Exemplary Dad & Author of ‘Call Me By Your Name’

It is late 1993. My dad and I are eating peanuts on the back of the M11 bus. Remember this moment for the rest of your life, he tells me. Some moments are worth remembering even if you can’t understand why, and some things you cannot enjoy without saying how much you are enjoying them.

It is autumn 1994. In the rain my father carries me past Lincoln Center to Dante Park, where a statue of the brooding Florentine looks down on 66th Street, beads of water trickling down his chin. This, my dad says, was the great poet who lived in exile, and we too are in exile.

It is winter 1997. We are watching “Dr. Zhivago” on the small tube TV in my grandparents’ living room — the foggy fluish warmth of an old radiator, the whole house glowing with the yellow light of dying incandescent bulbs. We’re just going to watch for a few minutes, he says, knowing that we’ll probably stay to the end. For weeks afterward I ask him to whistle the theme for me. I hear it in my head at night.

In the spring of 1998 we travel to France alone together, just the two of us. For a few weeks we get to be French. These are the best days of my life and we will talk about them for the next 20 years.

One rainy night in the winter of 2000 I watch my dad read aloud from the first chapter of an unfinished novel beneath the dim light and faux Victorian paneling at KGB Bar. I think of Riverside Drive in the snow, and how one day I might walk into a party and meet a girl.

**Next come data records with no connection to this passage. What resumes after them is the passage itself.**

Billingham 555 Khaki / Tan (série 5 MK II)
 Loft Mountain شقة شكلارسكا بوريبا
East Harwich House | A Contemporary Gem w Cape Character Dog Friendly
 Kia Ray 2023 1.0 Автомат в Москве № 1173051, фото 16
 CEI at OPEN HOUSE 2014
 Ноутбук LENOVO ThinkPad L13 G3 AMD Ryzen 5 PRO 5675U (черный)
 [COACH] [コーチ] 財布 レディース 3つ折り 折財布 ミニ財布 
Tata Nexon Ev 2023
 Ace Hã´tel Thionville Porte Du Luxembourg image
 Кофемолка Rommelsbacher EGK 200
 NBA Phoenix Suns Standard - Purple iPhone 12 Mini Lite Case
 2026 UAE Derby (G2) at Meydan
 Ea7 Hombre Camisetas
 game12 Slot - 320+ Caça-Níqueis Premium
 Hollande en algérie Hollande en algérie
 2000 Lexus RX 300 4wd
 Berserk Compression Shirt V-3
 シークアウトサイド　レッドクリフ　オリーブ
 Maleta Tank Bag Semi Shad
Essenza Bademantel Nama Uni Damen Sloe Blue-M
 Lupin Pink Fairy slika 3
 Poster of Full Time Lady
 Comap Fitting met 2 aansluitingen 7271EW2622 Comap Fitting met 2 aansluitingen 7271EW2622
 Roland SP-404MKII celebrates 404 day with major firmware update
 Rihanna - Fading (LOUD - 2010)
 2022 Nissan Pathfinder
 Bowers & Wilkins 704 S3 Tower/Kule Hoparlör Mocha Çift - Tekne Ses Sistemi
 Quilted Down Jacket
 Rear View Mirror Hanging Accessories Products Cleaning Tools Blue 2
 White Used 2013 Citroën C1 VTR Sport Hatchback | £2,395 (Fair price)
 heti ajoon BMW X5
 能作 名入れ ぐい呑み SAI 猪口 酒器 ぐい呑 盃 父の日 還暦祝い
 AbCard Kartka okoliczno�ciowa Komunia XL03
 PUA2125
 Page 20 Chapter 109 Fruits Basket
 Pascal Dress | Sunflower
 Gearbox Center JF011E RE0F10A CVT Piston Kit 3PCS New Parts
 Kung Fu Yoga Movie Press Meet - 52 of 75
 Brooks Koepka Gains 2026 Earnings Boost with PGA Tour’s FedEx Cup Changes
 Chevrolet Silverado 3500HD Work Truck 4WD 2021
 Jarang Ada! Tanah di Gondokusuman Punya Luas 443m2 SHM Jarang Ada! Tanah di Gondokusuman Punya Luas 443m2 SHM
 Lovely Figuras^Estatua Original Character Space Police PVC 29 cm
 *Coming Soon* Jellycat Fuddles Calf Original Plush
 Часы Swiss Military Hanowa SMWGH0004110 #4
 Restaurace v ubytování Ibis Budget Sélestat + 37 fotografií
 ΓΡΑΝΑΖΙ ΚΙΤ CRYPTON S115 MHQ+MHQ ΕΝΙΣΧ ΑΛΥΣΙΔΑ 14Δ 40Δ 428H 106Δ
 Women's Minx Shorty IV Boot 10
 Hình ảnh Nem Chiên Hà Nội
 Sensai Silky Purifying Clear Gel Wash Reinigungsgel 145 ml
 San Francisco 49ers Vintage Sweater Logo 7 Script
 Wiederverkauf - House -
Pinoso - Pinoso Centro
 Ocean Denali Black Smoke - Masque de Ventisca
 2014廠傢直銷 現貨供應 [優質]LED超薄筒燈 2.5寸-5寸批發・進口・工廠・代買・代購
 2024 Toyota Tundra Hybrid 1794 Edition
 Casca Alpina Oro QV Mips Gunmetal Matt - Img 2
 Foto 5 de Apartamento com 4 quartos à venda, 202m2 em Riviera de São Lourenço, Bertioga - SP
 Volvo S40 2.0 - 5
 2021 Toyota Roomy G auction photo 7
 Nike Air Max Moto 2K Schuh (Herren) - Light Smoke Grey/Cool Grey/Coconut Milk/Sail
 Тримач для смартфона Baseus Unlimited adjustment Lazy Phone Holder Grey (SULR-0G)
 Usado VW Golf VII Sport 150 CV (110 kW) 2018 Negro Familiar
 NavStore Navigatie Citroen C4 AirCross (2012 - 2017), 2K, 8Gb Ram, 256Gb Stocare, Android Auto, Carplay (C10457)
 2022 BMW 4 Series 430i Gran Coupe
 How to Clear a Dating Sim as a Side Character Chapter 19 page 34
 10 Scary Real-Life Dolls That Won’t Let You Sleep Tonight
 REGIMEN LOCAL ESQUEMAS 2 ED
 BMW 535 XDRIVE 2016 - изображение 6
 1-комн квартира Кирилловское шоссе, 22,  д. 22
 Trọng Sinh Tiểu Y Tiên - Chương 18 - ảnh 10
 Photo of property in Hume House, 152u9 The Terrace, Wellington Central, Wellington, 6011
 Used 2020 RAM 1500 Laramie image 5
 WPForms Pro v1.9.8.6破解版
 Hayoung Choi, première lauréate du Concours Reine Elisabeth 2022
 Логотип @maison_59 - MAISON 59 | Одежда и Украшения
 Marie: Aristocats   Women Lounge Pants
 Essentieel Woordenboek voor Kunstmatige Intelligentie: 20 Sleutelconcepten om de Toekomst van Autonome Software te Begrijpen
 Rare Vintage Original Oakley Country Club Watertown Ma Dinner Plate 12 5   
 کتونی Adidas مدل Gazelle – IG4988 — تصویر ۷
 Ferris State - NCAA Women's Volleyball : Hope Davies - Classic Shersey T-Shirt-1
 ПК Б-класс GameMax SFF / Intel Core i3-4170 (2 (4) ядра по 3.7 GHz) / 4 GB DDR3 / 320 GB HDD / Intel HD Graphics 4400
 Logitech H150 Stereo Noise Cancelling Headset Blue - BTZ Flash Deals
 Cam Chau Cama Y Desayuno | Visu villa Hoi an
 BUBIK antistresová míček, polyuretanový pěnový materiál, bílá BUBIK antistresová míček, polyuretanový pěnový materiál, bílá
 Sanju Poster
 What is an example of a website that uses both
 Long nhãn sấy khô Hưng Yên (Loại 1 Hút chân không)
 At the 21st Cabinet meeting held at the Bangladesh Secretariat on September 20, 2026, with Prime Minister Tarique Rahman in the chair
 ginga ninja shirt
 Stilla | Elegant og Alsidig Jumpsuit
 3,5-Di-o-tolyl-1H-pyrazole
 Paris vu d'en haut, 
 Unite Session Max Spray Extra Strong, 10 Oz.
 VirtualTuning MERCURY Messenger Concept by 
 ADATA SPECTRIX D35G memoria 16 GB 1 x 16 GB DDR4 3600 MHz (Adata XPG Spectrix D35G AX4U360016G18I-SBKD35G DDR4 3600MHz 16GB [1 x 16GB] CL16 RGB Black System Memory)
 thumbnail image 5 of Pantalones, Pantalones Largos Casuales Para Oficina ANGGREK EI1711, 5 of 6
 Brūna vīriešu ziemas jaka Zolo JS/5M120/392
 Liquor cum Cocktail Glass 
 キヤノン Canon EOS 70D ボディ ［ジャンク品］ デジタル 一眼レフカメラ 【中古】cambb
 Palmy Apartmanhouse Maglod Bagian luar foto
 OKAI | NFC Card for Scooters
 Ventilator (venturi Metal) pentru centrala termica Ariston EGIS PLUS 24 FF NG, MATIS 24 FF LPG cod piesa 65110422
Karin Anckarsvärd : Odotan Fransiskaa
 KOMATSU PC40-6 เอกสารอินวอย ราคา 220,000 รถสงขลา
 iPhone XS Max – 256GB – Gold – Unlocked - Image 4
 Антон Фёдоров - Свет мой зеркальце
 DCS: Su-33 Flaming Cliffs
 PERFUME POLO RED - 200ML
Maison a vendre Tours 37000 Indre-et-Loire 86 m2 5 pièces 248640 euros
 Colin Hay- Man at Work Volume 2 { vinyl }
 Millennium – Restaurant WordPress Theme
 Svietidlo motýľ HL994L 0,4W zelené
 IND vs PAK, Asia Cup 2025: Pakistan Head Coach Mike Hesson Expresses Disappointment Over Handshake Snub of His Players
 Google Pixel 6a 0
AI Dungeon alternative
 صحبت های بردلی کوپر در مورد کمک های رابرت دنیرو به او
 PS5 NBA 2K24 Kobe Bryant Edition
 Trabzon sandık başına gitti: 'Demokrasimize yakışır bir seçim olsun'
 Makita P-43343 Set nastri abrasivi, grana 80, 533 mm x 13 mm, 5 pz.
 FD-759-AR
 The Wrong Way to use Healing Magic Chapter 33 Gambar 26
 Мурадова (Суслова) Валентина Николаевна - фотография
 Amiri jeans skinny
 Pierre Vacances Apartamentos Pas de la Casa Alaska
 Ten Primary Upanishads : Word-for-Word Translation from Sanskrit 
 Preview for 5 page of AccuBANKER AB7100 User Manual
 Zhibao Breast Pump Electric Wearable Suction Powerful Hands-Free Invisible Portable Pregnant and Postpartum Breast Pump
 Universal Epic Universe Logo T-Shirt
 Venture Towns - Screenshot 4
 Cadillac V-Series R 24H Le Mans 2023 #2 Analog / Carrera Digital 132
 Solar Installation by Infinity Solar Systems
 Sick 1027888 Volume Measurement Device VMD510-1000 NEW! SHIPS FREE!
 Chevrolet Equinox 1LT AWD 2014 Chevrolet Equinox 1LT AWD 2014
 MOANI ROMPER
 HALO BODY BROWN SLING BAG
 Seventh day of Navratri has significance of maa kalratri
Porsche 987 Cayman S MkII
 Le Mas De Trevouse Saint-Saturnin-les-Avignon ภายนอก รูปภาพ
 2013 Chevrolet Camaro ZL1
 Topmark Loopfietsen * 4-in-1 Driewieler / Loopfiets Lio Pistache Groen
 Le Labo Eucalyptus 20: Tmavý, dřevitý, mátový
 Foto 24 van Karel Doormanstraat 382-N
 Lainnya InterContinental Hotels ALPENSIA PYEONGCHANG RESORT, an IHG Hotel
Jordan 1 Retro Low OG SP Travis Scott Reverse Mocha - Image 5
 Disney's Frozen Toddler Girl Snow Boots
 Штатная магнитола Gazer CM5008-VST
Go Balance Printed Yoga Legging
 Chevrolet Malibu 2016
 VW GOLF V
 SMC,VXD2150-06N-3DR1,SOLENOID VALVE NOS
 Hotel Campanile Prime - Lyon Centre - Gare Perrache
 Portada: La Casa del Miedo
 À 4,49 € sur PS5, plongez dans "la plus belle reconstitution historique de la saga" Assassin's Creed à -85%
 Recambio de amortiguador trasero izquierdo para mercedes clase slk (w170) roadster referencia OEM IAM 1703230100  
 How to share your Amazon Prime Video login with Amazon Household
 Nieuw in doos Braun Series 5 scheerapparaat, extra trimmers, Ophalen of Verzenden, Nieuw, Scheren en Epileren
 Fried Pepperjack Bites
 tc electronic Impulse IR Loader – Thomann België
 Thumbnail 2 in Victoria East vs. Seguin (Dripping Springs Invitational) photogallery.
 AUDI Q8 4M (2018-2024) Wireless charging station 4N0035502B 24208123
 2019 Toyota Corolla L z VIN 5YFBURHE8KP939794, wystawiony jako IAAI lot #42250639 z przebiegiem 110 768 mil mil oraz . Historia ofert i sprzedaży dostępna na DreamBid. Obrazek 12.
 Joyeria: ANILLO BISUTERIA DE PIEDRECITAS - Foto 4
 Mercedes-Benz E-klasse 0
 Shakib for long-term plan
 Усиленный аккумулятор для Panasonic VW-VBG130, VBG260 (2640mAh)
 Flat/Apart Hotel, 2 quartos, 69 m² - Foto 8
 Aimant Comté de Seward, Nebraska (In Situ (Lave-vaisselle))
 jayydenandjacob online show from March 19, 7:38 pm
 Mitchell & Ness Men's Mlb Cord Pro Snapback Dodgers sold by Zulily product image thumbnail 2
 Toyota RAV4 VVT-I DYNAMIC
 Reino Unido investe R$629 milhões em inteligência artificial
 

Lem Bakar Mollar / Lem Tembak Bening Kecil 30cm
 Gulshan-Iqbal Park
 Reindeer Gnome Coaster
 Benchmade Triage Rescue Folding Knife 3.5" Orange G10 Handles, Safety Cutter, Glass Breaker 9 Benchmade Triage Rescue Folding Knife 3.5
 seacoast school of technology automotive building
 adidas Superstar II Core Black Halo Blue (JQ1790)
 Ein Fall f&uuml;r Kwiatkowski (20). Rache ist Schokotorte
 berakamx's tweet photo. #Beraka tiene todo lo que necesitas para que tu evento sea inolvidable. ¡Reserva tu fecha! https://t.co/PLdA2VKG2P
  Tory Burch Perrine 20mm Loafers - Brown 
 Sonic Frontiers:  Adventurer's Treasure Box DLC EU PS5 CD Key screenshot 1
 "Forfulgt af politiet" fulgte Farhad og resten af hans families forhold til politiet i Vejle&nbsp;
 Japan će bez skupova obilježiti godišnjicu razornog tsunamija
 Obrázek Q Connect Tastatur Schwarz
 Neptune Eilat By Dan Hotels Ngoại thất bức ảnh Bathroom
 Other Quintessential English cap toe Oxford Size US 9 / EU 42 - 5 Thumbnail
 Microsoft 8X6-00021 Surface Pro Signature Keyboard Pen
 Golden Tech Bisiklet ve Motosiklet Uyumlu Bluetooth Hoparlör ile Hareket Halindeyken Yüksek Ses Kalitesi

Rome 2003. We sneak off during a family vacation and visit his old apartment on the other side of town, where he spent some of the unhappiest years of his life, where still we must take a nostalgic pilgrimage. In the late afternoon sun he points to the pink-ochre building and shows me the window of his bedroom. It is different than I imagined it from his stories.

In February 2007, during a blizzard, we find our seats at Film Forum to see “Last Year at Marienbad,” a film that I will hate. He insists that years from now I’ll revisit it and change my mind. He is right.

In spring 2008 I listen as my father reads Chateaubriand and Racine aloud to my grandfather, who won’t make it past May.

In June 2012 he suggests skipping my college graduation and going to the beach instead. Sometimes, as he says in Arabic, lazem beach, we need the beach.

It is spring 2013. I’ve just been dumped 12 hours ago. At lunchtime my father waits outside my office at the Time/Life building to take a walk with me. We split a Starbucks sandwich, and he hands me a handkerchief, which stays in my jacket pocket for the next five years. He could never possibly know how much this walk means to me.

Summer 2017. In his living room, over scotch and pistachios, I read aloud to him the first two chapters of a novel I’m working on. His are the thoughts that matter most.

It is October 2017. I am sitting next to my dad in Alice Tully Hall, waiting for “Call Me By Your Name” to start. I am so proud of him. By the end of the night everyone in the room will see what I have always seen, and have felt what I have always felt.

— Alexander Aciman

Alexander Aciman has written for The New York Times, the New Republic and The Paris Review. He is the son of Andre Aciman.